# Maximal Marginal Relevance (MMR) Retriever

Purpose: Demonstrate using MMR (Maximal Marginal Relevance) to retrieve diverse and relevant documents from a vector store. MMR helps balance relevance with diversity so top results are not redundantly similar.

When to use MMR:
- You want diverse results (e.g., supporting documents from different angles).  
- You want to avoid multiple near-duplicate passages in the top-k results.

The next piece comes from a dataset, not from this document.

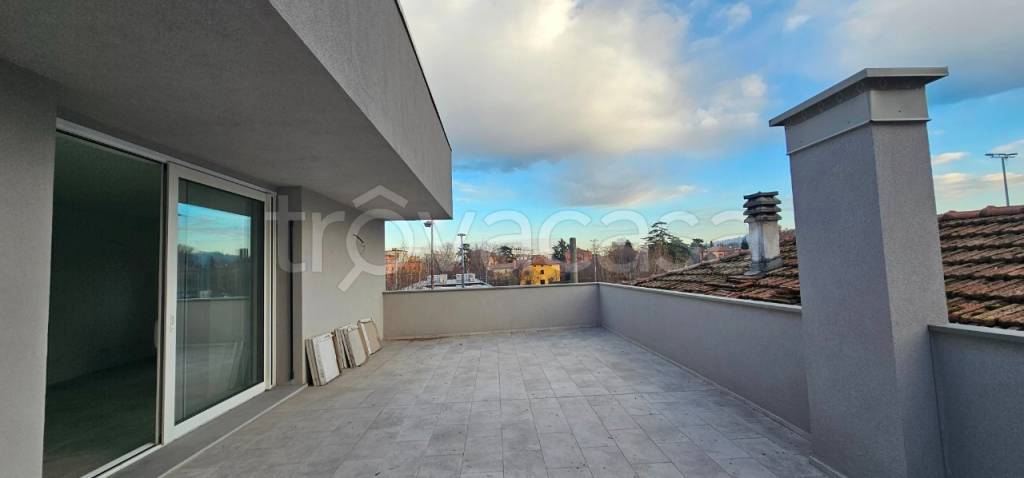 appartamento in vendita a Bologna in zona Reno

## Prerequisites & install

- Install required packages (first cell).  
- For FAISS, `faiss-cpu` is required for CPU-only environments.

In [None]:
!pip install langchain chromadb openai tiktoken pypdf langchain_google_genai langchain-community wikipedia

In [74]:
from google.colab import userdata
gemini_api_key = userdata.get('GEMINI_API_KEY')

In [None]:
!pip install faiss-cpu

## Imports & data

This cell imports FAISS, embeddings, and the Document type. Next we define sample documents to index.

In [76]:
from langchain_community.vectorstores import FAISS
from langchain_google_genai import GoogleGenerativeAIEmbeddings
from langchain_core.documents import Document

In [77]:
# Step 1: Your source documents
documents = [
    Document(page_content="Football is the most popular sport in the world, played by over 250 million players across more than 200 countries."),
    Document(page_content="Lionel Messi is known for his incredible dribbling, vision, and goal-scoring ability, earning multiple Ballon d'Or awards."),
    Document(page_content="The FIFA World Cup is held every four years and is the most prestigious international football tournament."),
    Document(page_content="Tactics in football involve formations, pressing strategies, and player roles that determine how a team controls the game."),
    Document(page_content="Cristiano Ronaldo is a legendary footballer celebrated for his athleticism, goal-scoring, and leadership on the field."),
    Document(page_content="Football clubs like FC Barcelona, Real Madrid, and Manchester United have millions of fans worldwide."),
    Document(page_content="The UEFA Champions League is an annual club competition that brings together the best European teams."),
    Document(page_content="Youth development programs and football academies play a key role in nurturing the next generation of football stars."),
]


## Create vector store

Build the vector index (FAISS) from the documents using embeddings. This index will be used with MMR-enabled retrieval.

In [78]:
# Step 2: Initialize embedding model
embeddings = GoogleGenerativeAIEmbeddings(
    model="models/gemini-embedding-001",
    google_api_key=gemini_api_key
)


In [79]:
# Step 3: Create Chroma vector store in memory
vectorstore = FAISS.from_documents(
    documents=documents,
    embedding=embeddings
)

## Enable MMR on the retriever

Set `search_type="mmr"` and `search_kwargs` (`k` and `lambda_mult`) to tune tradeoff between relevance and diversity. Lower `lambda_mult` gives more diversity.

In [80]:
# Enable MMR in the retriever
retriever = vectorstore.as_retriever(
    search_type="mmr",                   # <-- This enables MMR
    search_kwargs={"k": 3, "lambda_mult": 0.5}  # k = top results, lambda_mult = relevance-diversity balance
)

## Example query & results

Run a query and compare MMR results (`retriever.invoke`) with standard similarity search (`vectorstore.similarity_search`). Observe diversity differences.

In [81]:
query = "Who are some of the most famous football players and what are their achievements?"

In [82]:
results = retriever.invoke(query)

In [83]:
for i, doc in enumerate(results):
    print(f"\n--- Result {i+1} ---")
    print(doc.page_content)


--- Result 1 ---
Youth development programs and football academies play a key role in nurturing the next generation of football stars.

--- Result 2 ---
Cristiano Ronaldo is a legendary footballer celebrated for his athleticism, goal-scoring, and leadership on the field.

--- Result 3 ---
Football clubs like FC Barcelona, Real Madrid, and Manchester United have millions of fans worldwide.


## Compare with similarity search

Use `vectorstore.similarity_search` to compare the top-k results without MMR and observe redundancy vs diversity.

In [84]:
results = vectorstore.similarity_search(query, k=2)

In [85]:
for i, doc in enumerate(results):
    print(f"\n--- Result {i+1} ---")
    print(doc.page_content)


--- Result 1 ---
Youth development programs and football academies play a key role in nurturing the next generation of football stars.

--- Result 2 ---
Football is the most popular sport in the world, played by over 250 million players across more than 200 countries.